Of all the disciplines to which she devoted her time, art was dominant. Brown graduated in 1951 with a bachelor’s degree in fine arts from Kansas University, where she also earned a master’s degree in textiles in 1973.

She loved to weave, and she had a particular interest in Southwest and Hopi textiles, which were the subject of her master’s thesis.

“A lot of family vacations, rather than Disney World, would be down to the Hopi Mesas or Four Corners – all the dusty parts of the earth,” Craig Brown recalls.

As the family was driving through the desert, Marlyn Brown suddenly would say, “Whoa, whoa, whoa,” and insist that her husband stop the car.

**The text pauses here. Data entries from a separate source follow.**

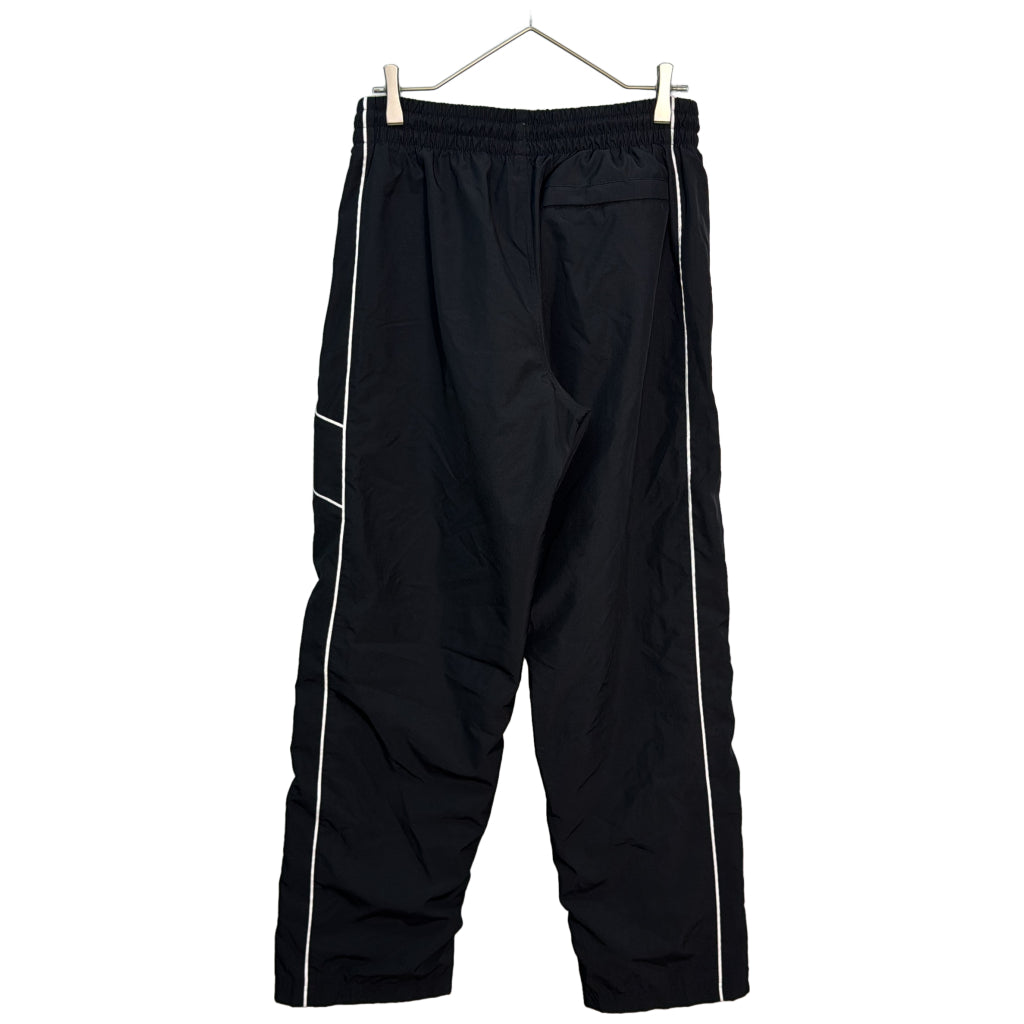 NIKE Track Track Pants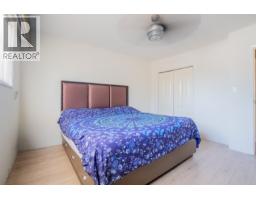 2930 Sefton Street, Port Coquitlam, BC V3B3P8 Photo 13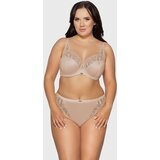 Avalingerie Nepodložen modrček Caroline | Shoptok.si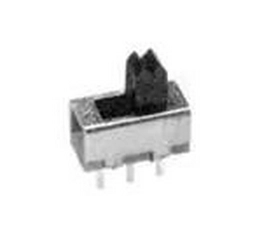SLS121PC TE Connectivity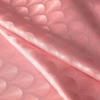 100x150cm Weaving Brocade Fabric Jacquard Satin Cheongsam Vintage Designer Wholesale Cloth Diy Apaprel Sewing Fabric Material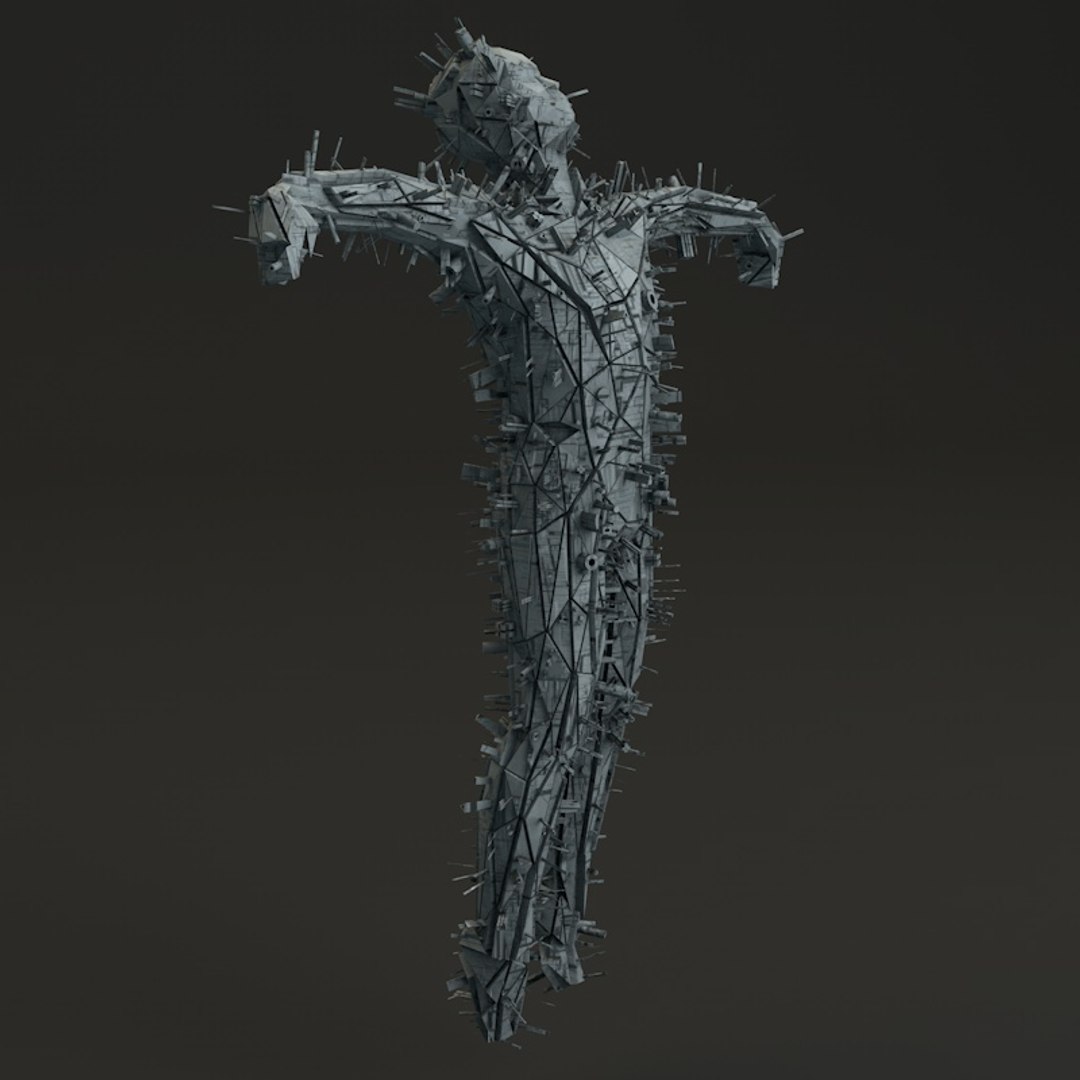 3D - formats https://p.turbosquid.com/ts-thumb/My/Q1LNN9/vKhrZi4H/scifishapesthescarecrow2/jpg/1573116567/1920x1080/fit_q87/f5a7a6f9f5173bd7da1a63c6fdab3b49812fc348/scifishapesthescarecrow2.jpg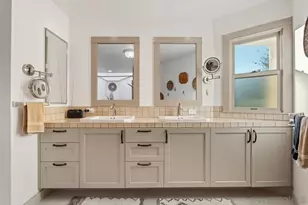 4321 Valle Vista, San Diego, CA 92103 - Photo 32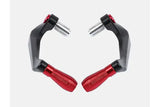 BSDDP EXCLUSIVE METAL LEVER GUARD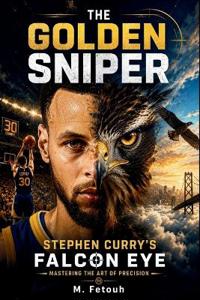 The Golden Sniper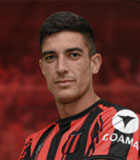 Gonzalo Mottes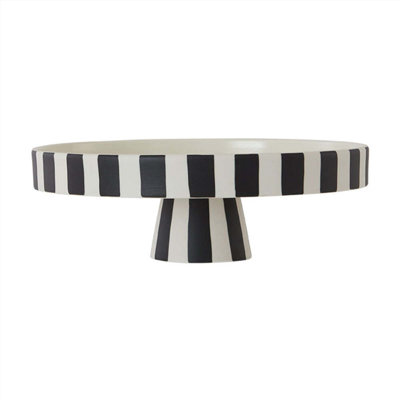 Toppu Cake Stand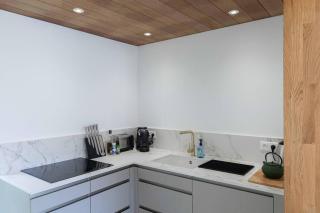 Villa Les Belles Vues de St Jean - 6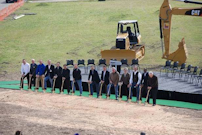 Mitsubishi Caterpillar Forklift America Inc Mcfa Supply And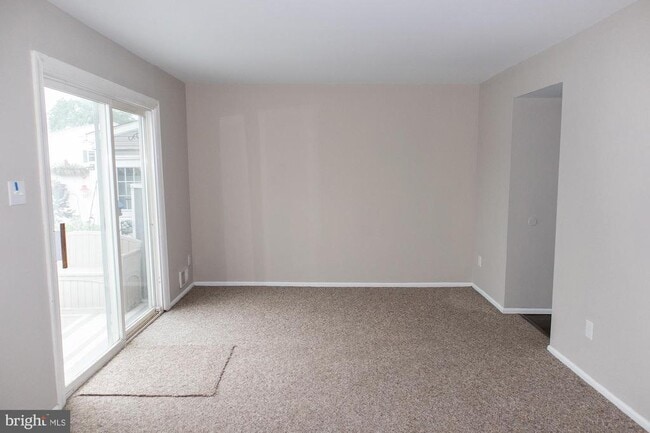 Building Photo - 54 Reliance Ct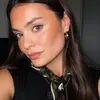 Doro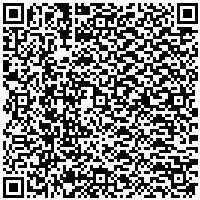 QR Code for bitcoin:bitcoin:bitcoin:bitcoin:bitcoin:bitcoin:bitcoin:bitcoin:bitcoin:bitcoin:bitcoin:bitcoin:bitcoin:bitcoin:bitcoin:bitcoin:bitcoin:bitcoin:bitcoin:bitcoin:bitcoin:bitcoin:bitcoin:bitcoin:bitcoin:bitcoin:bitcoin:bitcoin:bitcoin:1MwiBMUq53TKRAMZkQzPZ95eWsXGSgx7eS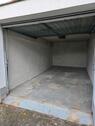 Foto - Einzel Garage - 150,00 EUR Miete,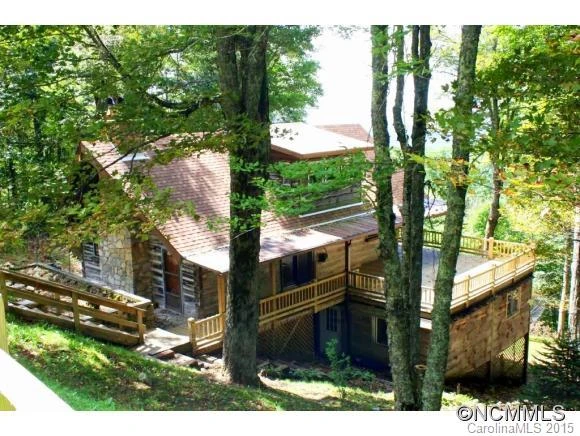 940 McKinney Gap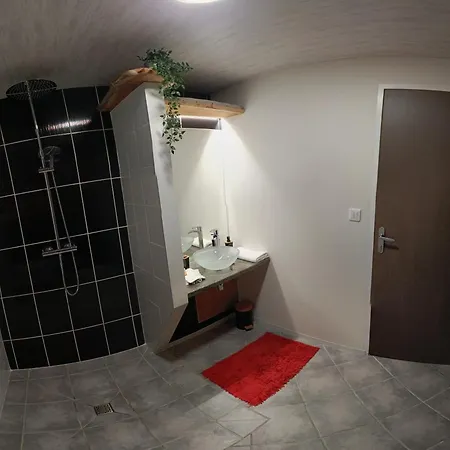 Avec Et Sauna Aux Champs Des Amours *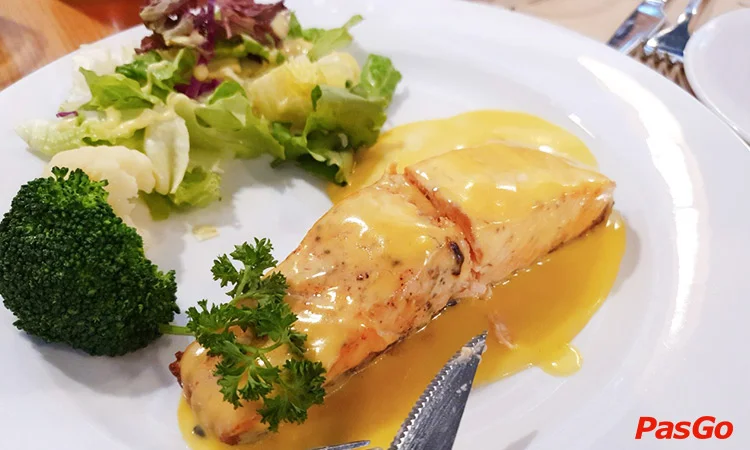 nha-hang-bit-tet-hung-manh-kdt-an-hung-ha-dong-4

She’d jump out and gather dried plant materials and stash them in the trunk of the Lincoln Continental for use later in her weavings.

“She could just find beauty in almost anything,” Craig Brown says. “I think artists can, you know.”

Marlyn Brown taught weaving at Kansas University and, later, at Ghost Ranch in Santa Fe, N.M. In 1972, she opened Valley West Galleries at the northwest corner of 27th and Iowa streets. The fireplace she designed for the exhibition space is now part of Paisano’s, Craig Brown says.

In what would become perhaps her most enduring Lawrence legacy, Marlyn Brown presided over the Lawrence Arts Commission during the creation of the Lawrence Arts Center, which opened in the former Carnegie Library building in 1975.

“She’s the reason we’re here,” says Ann Evans, who has been director of the arts center since its inception. “She really was the person who had the vision. There were no other arts centers in the area at the time.”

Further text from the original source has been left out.